**Directions for this task**
Exactly as they appear, please output the lines from the one with "Konsol Game Retro" through the end of the material, without pictures.

**Data**
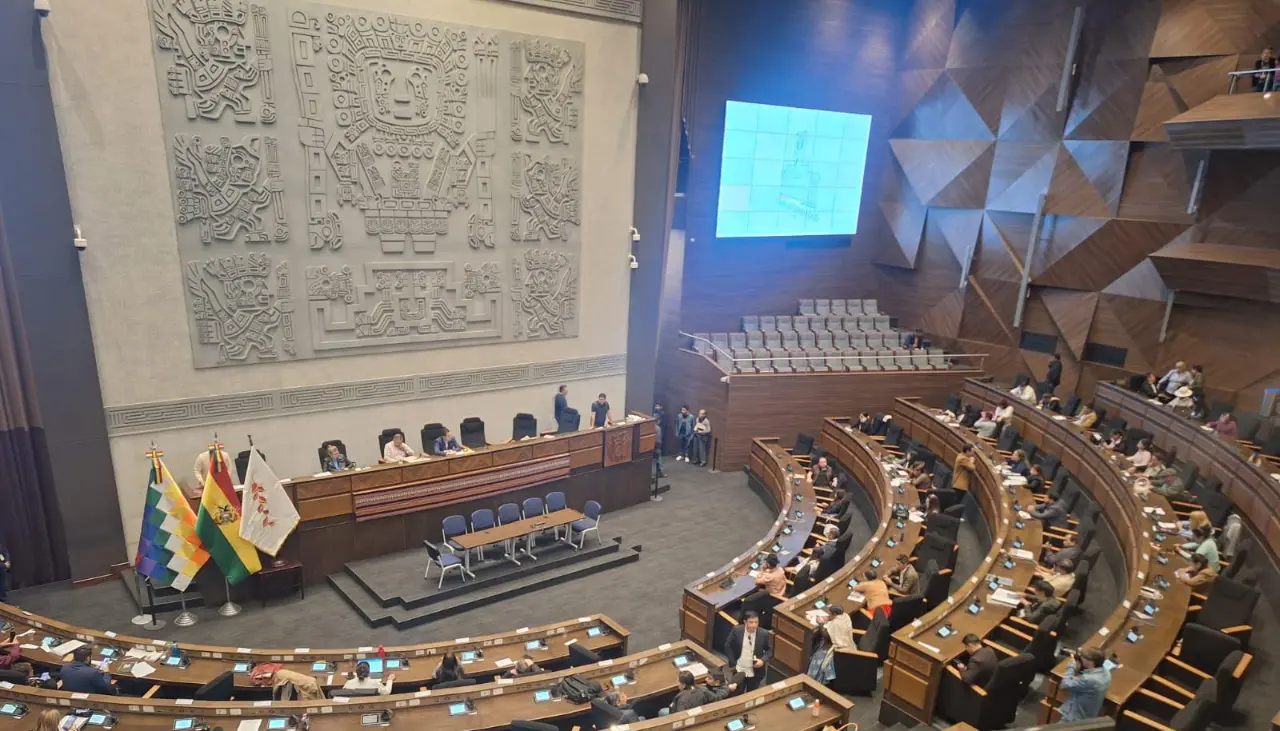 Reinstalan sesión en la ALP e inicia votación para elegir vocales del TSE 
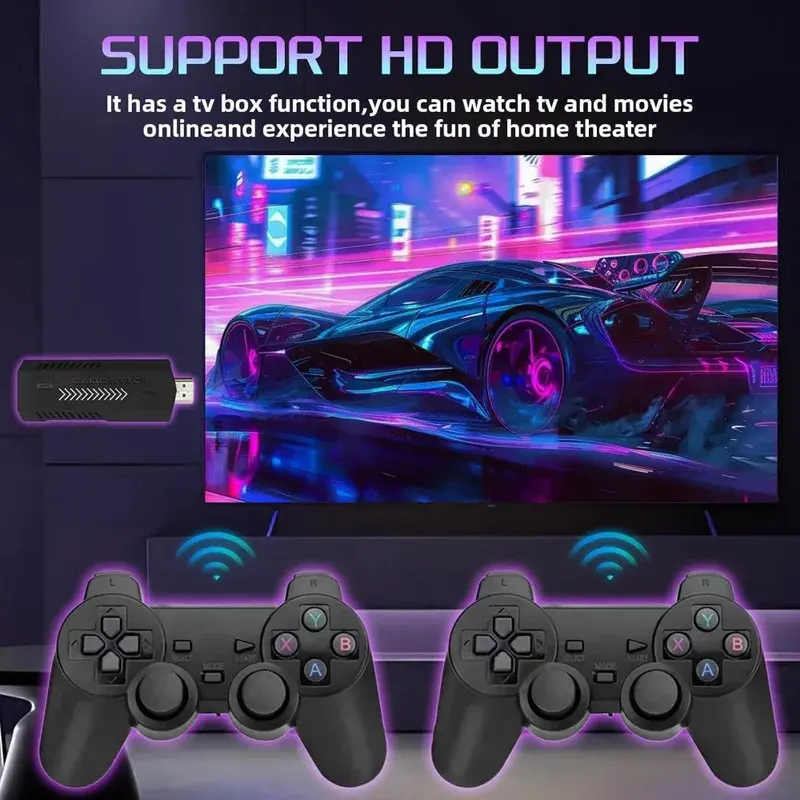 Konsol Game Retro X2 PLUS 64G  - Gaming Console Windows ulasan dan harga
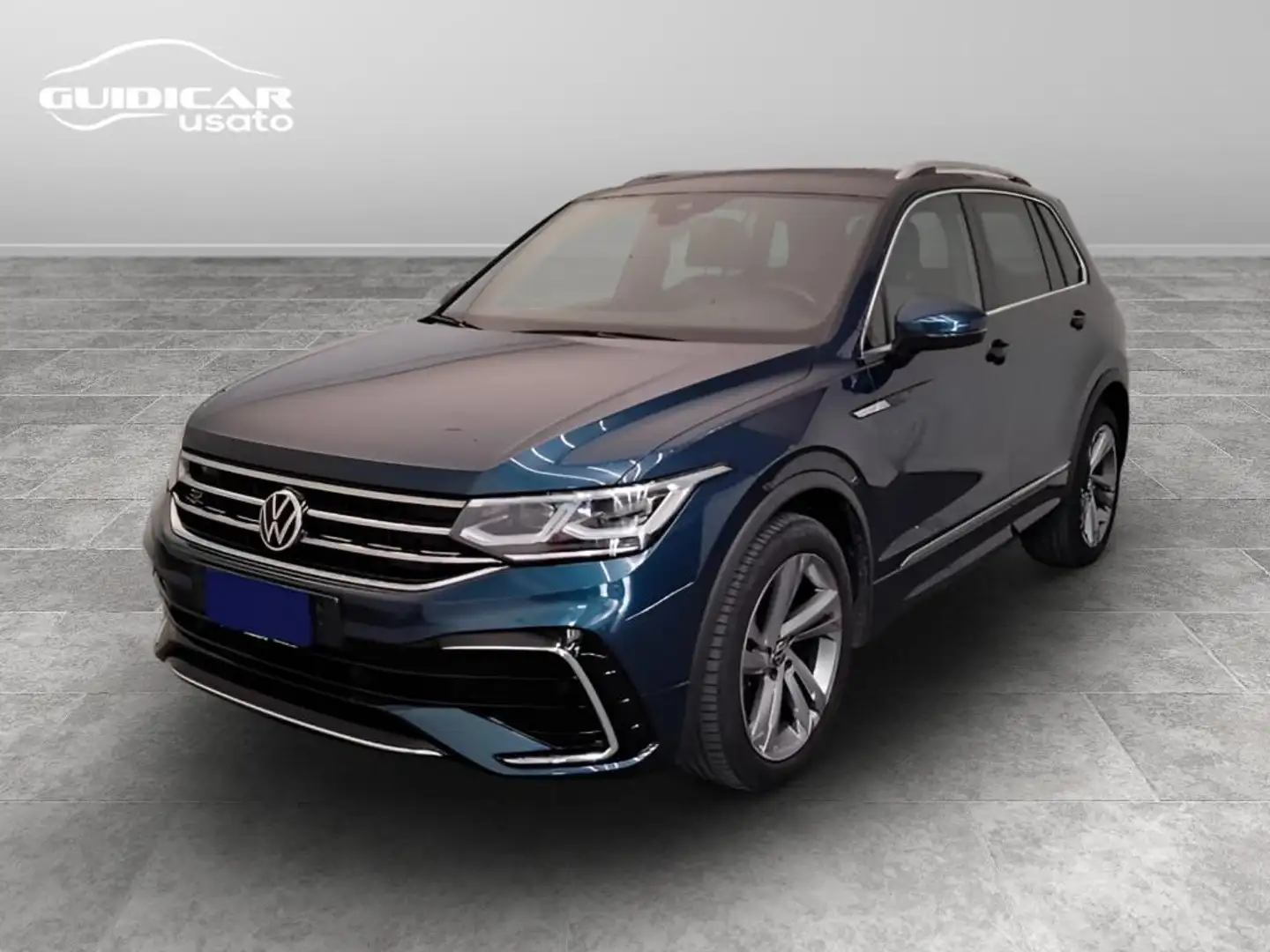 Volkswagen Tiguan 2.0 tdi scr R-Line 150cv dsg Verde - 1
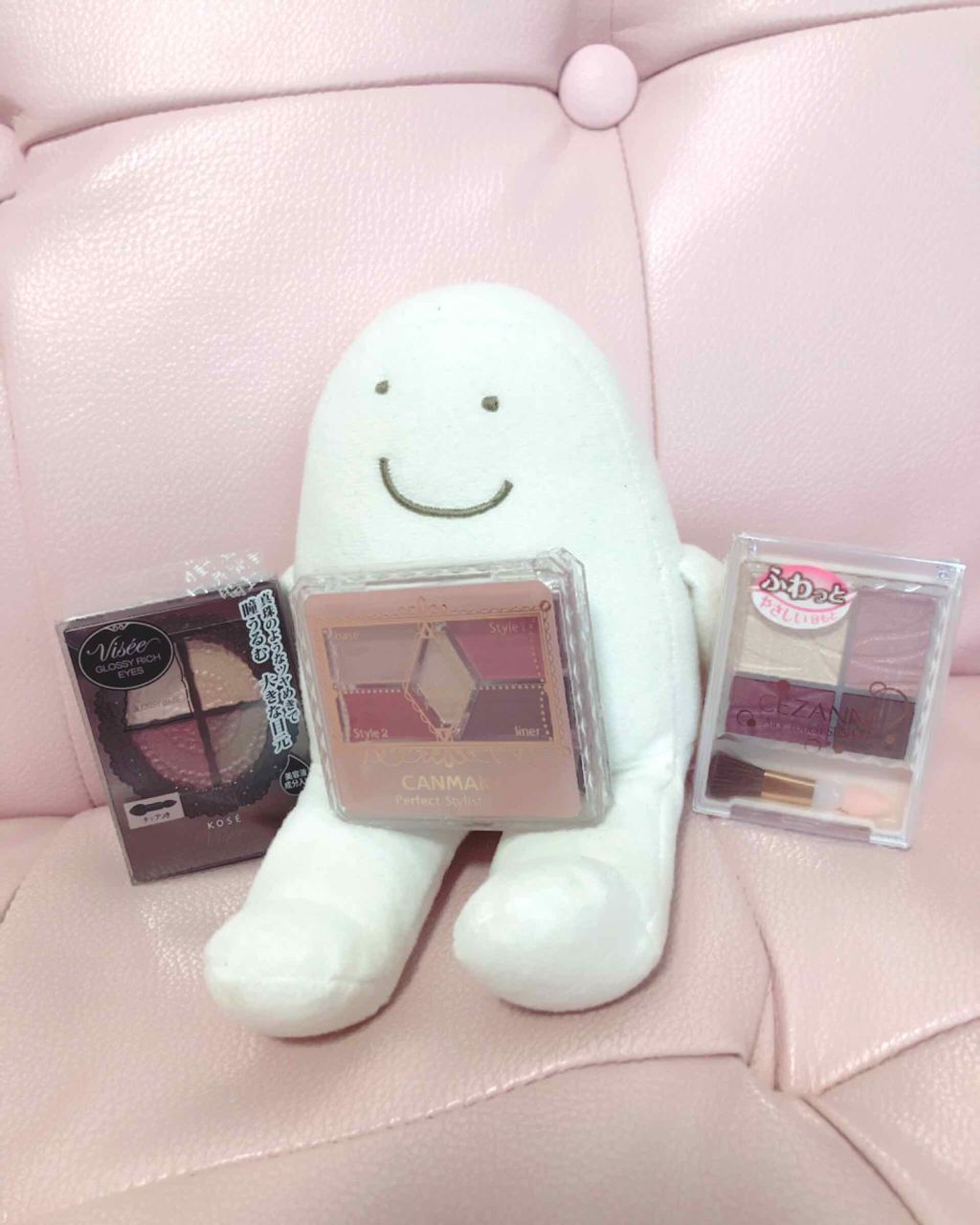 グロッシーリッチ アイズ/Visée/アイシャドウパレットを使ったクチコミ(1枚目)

**Written response**
 Konsol Game Retro X2 PLUS 64G  - Gaming Console Windows ulasan dan harga
 Volkswagen Tiguan 2.0 tdi scr R-Line 150cv dsg Verde - 1
 グロッシーリッチ アイズ/Visée/アイシャドウパレットを使ったクチコミ(1枚目)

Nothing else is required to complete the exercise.